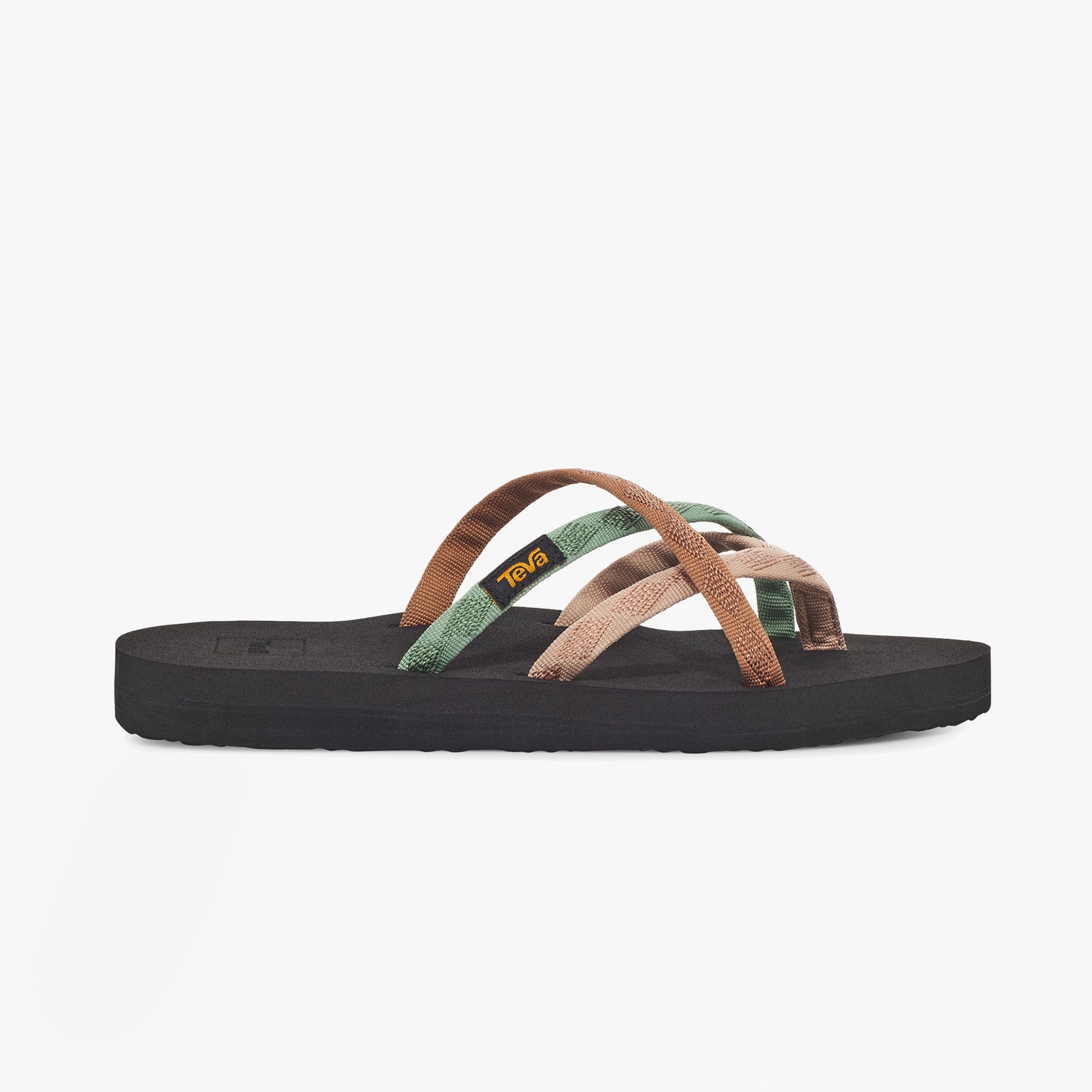 Teva OLOWAHU Womens Sandals Mixed B Maple Sugar Multi side view featuring multi-colored straps and black sole.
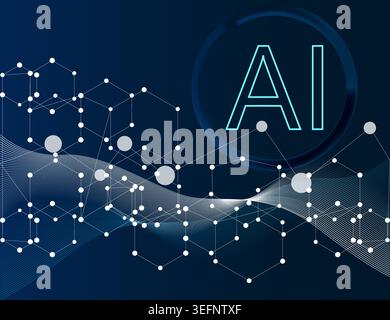 AI Technology Network And Data Visualization With Neural Connections And Abstract Digital Science Background. Stock Vector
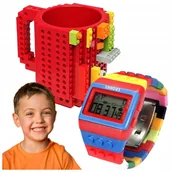 Kubki dla dzieci - KUBEK KLOCKOWY DUŻY 350ML + ZEGAREK CYFROWY KLOCKOWY DLA DZIECI REGULOWANY - miniaturka - grafika 1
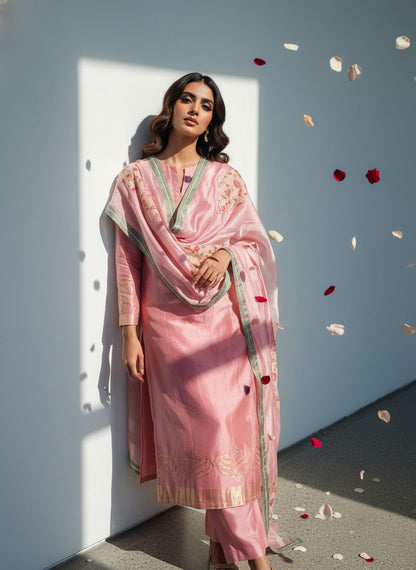 Semi Stitched Formal chanderi Suitset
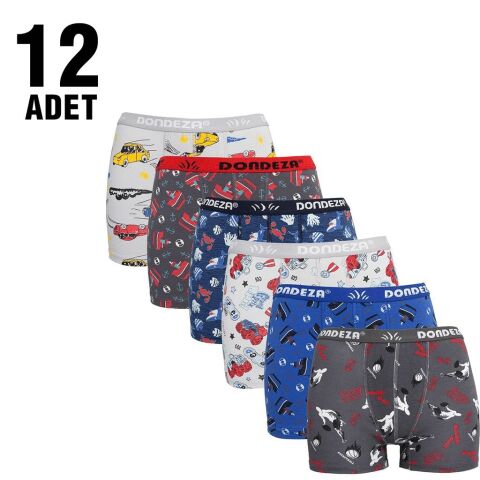 Dondeza 503 Desenli Erkek Çocuk Boxer Short 12'li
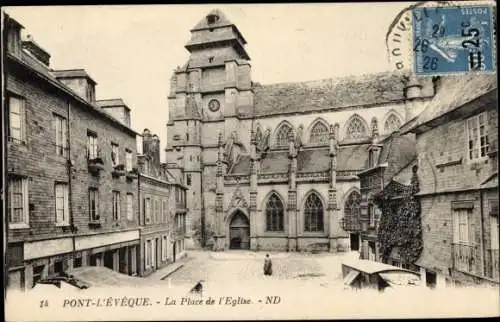 Ak Pont l'Évêque Calvados, Place de l'Eglise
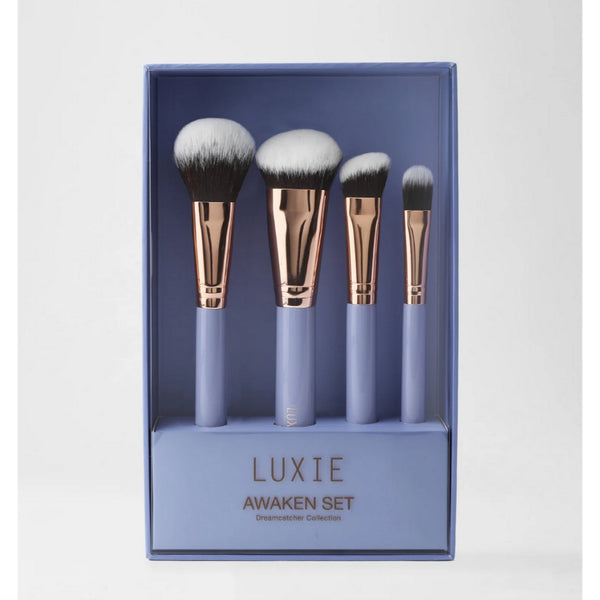 LUXIE Dreamcatcher Awaken Face Set Makeup Brush Brushes Kit Blue Powder Blush Concealor Small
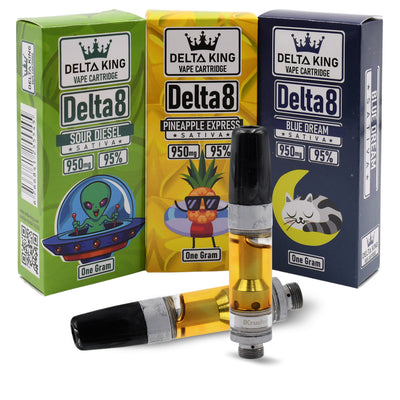 Delta 8 Vape Carts Prefilled w/ 1GR Delta-8 Vape Oil, Hybrid, Sativa or Indica Strain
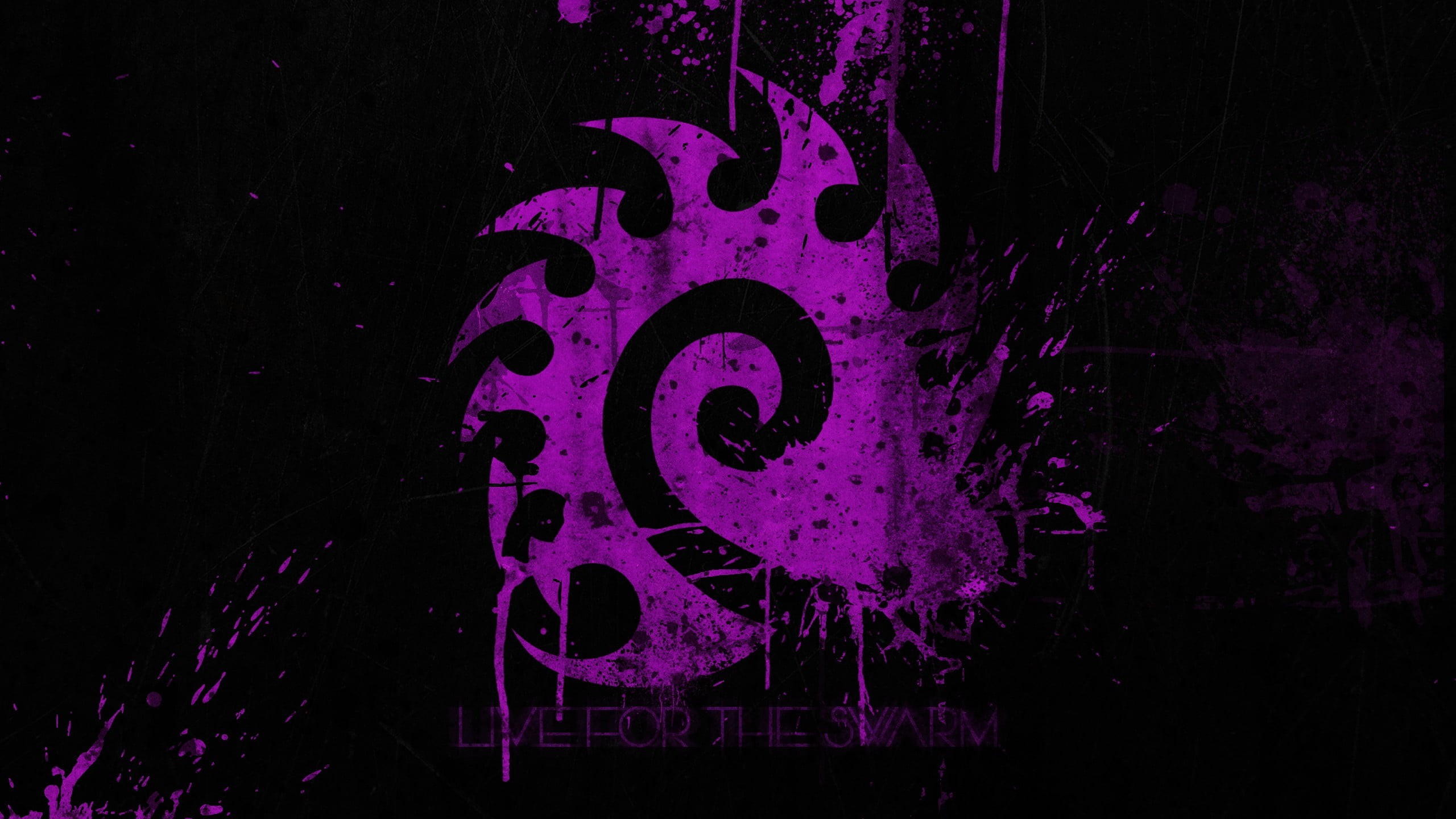 Zerg, splatter, dirt, creativity, live, purple, indoors, dark, swarm, Starcraft II, black background, StarCraft II : Heart Of The Swarm, 2K, glowing, illuminated, HD Wallpaper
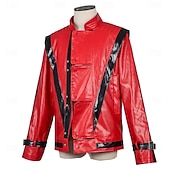 baratos Herrenkostüme-80s Pop Star Singer Red Jacket Costume Fancy Costume Retro Vintage 1980s for Unisex Kid's Adults' Halloween Carnival Party Performance Comic Con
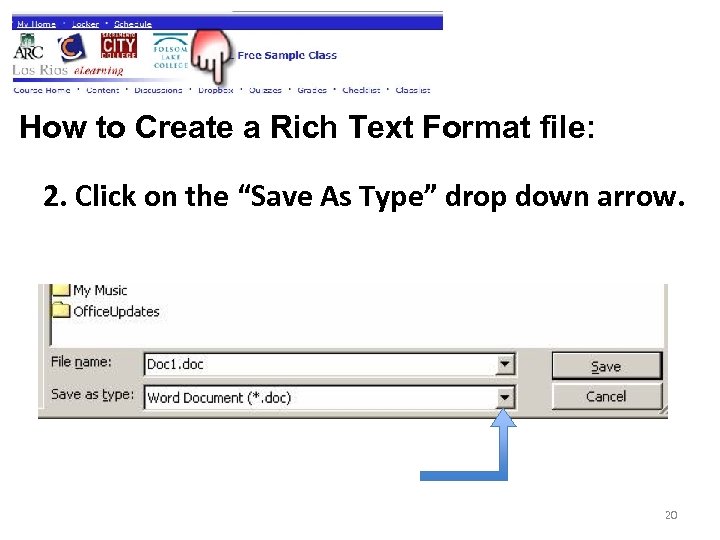 How to Create a Rich Text Format file: 2. Click on the “Save As
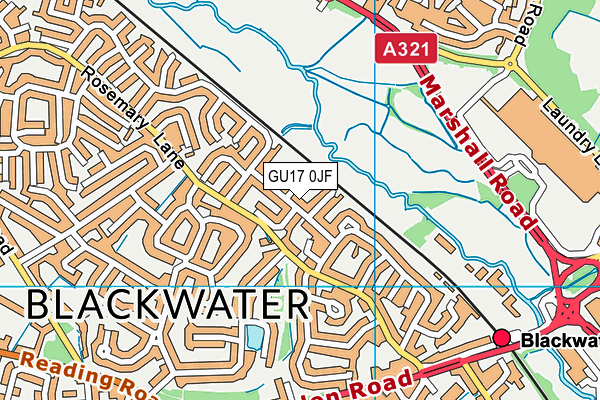 GU17 0JF map - OS VectorMap District (Ordnance Survey)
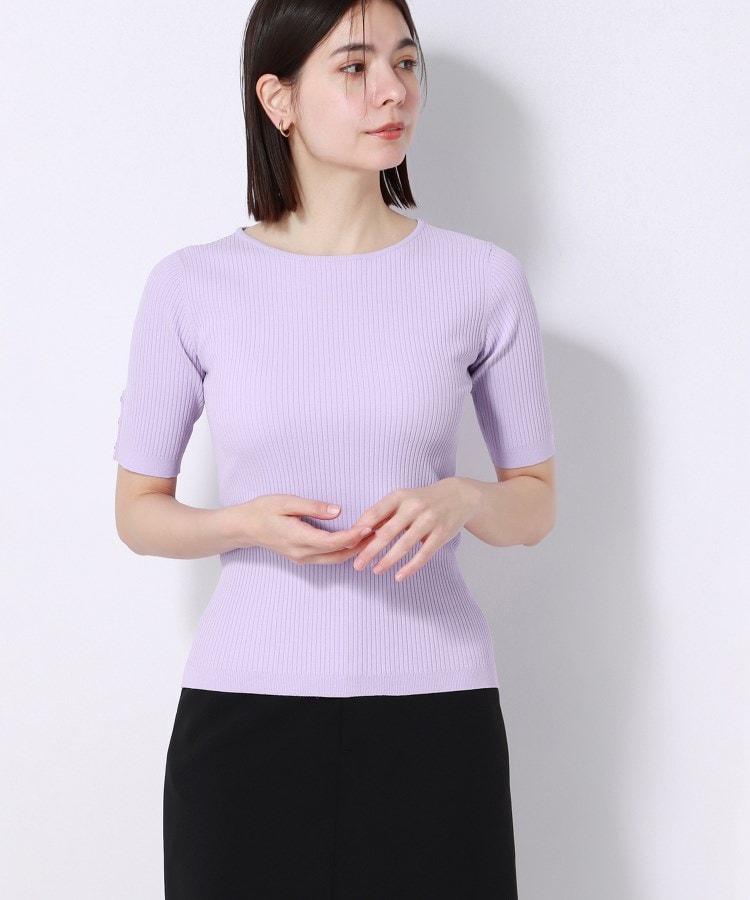 アンカーウーマン(ANCHOR WOMAN)の【洗える】ストレッチレーヨン 5分袖リブニット1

TASK GOAL: Any picture in the material is to be left out, and everything else is to be retyped as is.

RESULT OF THE EXERCISE:
 Teva OLOWAHU Womens Sandals Mixed B Maple Sugar Multi side view featuring multi-colored straps and black sole.
 AI Technology Network And Data Visualization With Neural Connections And Abstract Digital Science Background. Stock Vector
 Kubki dla dzieci - KUBEK KLOCKOWY DUŻY 350ML + ZEGAREK CYFROWY KLOCKOWY DLA DZIECI REGULOWANY - miniaturka - grafika 1
 Semi Stitched Formal chanderi Suitset
 Dondeza 503 Desenli Erkek Çocuk Boxer Short 12'li
 Ak Pont l'Évêque Calvados, Place de l'Eglise
 LUXIE Dreamcatcher Awaken Face Set Makeup Brush Brushes Kit Blue Powder Blush Concealor Small
 Delta 8 Vape Carts Prefilled w/ 1GR Delta-8 Vape Oil, Hybrid, Sativa or Indica Strain
 Zerg, splatter, dirt, creativity, live, purple, indoors, dark, swarm, Starcraft II, black background, StarCraft II : Heart Of The Swarm, 2K, glowing, illuminated, HD Wallpaper
 baratos Herrenkostüme-80s Pop Star Singer Red Jacket Costume Fancy Costume Retro Vintage 1980s for Unisex Kid's Adults' Halloween Carnival Party Performance Comic Con
 How to Create a Rich Text Format file: 2. Click on the “Save As
 GU17 0JF map - OS VectorMap District (Ordnance Survey)
 アンカーウーマン(ANCHOR WOMAN)の【洗える】ストレッチレーヨン 5分袖リブニット1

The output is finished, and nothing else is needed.